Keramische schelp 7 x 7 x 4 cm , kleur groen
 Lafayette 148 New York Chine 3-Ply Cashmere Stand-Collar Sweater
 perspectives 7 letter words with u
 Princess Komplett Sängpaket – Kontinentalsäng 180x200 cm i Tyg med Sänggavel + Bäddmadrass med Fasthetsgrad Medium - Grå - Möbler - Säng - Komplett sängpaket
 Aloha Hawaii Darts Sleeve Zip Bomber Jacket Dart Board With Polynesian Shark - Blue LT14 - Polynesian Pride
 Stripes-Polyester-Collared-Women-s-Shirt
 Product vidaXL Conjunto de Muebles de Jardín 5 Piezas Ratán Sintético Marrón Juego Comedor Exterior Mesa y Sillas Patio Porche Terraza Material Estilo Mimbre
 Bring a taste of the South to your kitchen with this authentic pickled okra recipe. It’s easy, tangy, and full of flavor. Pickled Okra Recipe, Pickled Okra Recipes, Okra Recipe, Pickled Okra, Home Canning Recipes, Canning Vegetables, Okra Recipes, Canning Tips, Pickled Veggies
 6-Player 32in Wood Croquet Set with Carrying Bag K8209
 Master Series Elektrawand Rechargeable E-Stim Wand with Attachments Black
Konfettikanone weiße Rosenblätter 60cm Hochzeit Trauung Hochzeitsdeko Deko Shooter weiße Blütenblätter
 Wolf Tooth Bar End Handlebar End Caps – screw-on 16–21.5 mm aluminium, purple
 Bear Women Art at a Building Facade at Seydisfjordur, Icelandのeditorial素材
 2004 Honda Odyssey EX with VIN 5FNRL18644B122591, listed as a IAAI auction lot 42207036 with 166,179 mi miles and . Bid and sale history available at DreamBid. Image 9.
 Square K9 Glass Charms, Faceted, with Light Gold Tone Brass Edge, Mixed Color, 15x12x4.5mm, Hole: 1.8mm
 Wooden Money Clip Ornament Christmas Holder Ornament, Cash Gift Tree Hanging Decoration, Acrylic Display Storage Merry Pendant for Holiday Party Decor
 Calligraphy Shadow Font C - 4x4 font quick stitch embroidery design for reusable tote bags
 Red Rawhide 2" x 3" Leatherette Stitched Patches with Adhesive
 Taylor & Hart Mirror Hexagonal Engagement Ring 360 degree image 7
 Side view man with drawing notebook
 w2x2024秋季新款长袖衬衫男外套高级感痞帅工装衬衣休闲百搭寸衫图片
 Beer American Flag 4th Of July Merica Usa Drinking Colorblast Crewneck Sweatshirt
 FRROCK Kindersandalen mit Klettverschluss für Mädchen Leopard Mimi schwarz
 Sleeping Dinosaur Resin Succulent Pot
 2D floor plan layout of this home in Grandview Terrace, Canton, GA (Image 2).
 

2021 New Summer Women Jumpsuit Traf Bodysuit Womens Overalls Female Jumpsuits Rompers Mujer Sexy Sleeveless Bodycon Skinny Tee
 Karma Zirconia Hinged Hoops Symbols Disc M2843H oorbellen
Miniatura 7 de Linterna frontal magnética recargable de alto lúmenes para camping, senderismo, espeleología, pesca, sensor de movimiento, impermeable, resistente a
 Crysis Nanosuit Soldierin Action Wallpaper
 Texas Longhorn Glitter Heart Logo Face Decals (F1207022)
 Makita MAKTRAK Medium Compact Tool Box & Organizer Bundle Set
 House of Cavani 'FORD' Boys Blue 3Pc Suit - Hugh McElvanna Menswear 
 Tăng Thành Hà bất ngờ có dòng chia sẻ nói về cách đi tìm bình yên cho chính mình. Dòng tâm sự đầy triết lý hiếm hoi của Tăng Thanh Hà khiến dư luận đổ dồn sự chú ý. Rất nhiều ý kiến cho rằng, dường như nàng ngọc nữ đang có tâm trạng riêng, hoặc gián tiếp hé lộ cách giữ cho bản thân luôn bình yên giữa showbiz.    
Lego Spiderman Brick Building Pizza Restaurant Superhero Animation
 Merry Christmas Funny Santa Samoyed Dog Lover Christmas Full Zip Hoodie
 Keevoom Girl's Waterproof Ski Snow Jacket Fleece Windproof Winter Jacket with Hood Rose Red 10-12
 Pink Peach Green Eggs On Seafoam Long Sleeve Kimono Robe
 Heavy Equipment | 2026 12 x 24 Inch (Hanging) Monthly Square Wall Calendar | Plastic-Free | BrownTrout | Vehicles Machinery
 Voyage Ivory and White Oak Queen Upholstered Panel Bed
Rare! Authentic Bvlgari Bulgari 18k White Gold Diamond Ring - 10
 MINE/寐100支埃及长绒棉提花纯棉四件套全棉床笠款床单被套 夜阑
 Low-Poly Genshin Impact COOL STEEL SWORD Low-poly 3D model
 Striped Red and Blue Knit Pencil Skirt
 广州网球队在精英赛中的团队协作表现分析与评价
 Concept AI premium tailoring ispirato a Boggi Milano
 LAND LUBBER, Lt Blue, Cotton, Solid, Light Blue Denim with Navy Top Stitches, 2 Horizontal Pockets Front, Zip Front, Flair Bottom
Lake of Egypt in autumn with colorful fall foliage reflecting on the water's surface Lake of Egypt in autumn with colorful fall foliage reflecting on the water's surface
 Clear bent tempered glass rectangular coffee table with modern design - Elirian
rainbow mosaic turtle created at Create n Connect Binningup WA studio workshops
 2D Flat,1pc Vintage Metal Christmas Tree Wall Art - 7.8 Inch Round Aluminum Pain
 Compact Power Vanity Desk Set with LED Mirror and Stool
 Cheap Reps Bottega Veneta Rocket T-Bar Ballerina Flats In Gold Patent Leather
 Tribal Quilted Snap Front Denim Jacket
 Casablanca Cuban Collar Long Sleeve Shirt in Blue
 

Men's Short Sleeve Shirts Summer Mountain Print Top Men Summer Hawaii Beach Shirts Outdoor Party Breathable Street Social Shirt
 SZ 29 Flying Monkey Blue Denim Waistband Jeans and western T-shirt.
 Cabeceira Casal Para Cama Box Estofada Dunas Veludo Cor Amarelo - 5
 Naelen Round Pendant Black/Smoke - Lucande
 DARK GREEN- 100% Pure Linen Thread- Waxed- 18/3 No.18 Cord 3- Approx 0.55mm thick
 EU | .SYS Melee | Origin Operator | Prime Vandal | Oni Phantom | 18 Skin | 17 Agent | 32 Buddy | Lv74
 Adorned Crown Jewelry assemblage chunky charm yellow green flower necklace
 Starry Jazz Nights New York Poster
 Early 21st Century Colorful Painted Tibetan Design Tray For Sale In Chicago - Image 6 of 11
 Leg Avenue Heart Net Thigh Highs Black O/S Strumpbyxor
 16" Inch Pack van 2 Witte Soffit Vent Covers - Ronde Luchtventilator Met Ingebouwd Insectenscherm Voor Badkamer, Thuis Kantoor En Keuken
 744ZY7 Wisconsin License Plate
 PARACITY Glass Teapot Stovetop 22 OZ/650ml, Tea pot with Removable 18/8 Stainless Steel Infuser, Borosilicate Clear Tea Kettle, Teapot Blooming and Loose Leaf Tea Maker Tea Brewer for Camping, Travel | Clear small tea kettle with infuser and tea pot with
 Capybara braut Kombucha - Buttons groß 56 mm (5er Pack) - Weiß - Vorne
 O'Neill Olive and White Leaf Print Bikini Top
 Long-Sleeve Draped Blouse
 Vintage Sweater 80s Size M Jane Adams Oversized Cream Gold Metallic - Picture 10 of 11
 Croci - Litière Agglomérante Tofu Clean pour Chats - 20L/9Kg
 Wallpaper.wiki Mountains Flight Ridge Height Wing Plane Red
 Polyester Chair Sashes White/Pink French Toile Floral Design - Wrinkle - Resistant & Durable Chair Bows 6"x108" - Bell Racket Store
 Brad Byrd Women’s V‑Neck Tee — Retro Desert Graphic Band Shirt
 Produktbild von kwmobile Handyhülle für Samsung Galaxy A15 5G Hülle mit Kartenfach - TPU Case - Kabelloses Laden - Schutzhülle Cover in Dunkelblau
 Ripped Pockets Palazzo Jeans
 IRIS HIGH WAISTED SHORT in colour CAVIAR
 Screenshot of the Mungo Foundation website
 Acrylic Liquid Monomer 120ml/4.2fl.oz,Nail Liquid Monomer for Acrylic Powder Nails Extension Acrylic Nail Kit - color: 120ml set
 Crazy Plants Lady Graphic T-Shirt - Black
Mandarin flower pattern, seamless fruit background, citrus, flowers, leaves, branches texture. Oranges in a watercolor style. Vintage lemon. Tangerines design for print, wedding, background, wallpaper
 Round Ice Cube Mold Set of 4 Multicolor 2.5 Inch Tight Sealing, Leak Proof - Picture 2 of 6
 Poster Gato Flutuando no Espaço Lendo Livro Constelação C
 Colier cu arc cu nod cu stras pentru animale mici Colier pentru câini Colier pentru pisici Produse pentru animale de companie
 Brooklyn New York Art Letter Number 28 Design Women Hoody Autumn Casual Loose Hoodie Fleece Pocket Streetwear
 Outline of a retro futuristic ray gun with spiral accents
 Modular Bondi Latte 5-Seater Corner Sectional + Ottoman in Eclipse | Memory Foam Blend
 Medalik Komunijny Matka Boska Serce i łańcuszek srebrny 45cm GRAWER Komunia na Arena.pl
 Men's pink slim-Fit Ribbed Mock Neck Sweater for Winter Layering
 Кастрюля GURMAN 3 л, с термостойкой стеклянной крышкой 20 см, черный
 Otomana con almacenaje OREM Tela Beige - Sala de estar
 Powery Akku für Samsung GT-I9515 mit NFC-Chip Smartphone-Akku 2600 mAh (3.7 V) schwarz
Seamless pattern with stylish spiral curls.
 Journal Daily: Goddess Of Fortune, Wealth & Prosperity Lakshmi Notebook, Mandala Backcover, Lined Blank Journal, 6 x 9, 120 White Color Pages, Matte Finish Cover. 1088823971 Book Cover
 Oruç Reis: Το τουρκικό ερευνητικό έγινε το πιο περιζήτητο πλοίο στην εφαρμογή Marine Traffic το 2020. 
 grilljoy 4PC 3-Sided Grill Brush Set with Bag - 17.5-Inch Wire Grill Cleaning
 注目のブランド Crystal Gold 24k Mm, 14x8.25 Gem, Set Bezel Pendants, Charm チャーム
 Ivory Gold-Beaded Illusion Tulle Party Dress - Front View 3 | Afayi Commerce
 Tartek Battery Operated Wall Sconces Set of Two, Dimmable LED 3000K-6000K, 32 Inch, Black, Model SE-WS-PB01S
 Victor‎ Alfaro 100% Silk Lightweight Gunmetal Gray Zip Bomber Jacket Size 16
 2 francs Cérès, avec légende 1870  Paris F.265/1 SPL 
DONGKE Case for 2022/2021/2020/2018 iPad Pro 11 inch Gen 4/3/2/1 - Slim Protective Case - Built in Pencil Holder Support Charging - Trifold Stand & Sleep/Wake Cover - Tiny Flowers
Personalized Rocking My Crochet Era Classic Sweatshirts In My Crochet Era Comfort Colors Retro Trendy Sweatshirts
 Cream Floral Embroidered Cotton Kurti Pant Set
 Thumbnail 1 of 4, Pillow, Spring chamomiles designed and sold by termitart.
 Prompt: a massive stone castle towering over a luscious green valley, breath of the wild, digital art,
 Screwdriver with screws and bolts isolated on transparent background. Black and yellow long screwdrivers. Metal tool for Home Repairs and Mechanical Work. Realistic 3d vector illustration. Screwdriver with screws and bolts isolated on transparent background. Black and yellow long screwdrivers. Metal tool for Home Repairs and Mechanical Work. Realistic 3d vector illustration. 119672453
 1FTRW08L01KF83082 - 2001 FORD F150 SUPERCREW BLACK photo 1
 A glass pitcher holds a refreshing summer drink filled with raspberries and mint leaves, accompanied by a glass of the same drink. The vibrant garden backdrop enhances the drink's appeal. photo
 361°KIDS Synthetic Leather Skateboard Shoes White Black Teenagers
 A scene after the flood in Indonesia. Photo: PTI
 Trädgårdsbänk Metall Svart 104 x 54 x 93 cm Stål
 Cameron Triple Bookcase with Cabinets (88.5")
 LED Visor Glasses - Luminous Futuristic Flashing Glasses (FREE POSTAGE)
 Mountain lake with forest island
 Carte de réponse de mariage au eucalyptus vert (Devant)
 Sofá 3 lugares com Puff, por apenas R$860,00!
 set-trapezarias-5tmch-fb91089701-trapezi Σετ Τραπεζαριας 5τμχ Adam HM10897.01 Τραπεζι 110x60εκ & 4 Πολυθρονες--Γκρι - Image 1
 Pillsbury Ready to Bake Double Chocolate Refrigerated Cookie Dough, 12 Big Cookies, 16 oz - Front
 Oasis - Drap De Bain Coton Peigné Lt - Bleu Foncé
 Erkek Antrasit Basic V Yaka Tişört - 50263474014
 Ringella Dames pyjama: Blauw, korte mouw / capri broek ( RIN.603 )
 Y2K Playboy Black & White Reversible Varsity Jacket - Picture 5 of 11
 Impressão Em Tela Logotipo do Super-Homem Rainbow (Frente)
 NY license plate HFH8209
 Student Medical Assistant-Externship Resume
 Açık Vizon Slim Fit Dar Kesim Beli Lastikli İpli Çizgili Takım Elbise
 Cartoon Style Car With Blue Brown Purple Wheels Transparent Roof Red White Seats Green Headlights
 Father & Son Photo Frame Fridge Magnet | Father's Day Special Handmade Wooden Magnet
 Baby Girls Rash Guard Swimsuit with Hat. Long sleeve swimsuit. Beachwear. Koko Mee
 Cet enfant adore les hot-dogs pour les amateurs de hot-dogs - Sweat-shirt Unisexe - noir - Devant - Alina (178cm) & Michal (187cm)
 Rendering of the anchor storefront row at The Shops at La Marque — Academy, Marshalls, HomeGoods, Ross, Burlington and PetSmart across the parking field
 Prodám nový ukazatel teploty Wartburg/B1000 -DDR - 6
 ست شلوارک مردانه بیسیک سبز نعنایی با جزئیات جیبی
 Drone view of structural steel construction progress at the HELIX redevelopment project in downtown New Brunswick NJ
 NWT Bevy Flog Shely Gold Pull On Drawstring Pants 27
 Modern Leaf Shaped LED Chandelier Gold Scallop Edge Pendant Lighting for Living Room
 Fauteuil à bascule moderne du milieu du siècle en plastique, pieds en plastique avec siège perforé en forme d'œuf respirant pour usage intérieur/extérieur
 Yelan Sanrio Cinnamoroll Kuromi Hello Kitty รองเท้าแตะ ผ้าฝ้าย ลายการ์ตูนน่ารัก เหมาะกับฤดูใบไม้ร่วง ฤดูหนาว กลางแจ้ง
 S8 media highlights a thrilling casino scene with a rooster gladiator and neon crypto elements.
◇ ◇ ◇
Work task: From the data above, copy each line that holds "Wooden".

Exercise output:
 Wooden Money Clip Ornament Christmas Holder Ornament, Cash Gift Tree Hanging Decoration, Acrylic Display Storage Merry Pendant for Holiday Party Decor
 Father & Son Photo Frame Fridge Magnet | Father's Day Special Handmade Wooden Magnet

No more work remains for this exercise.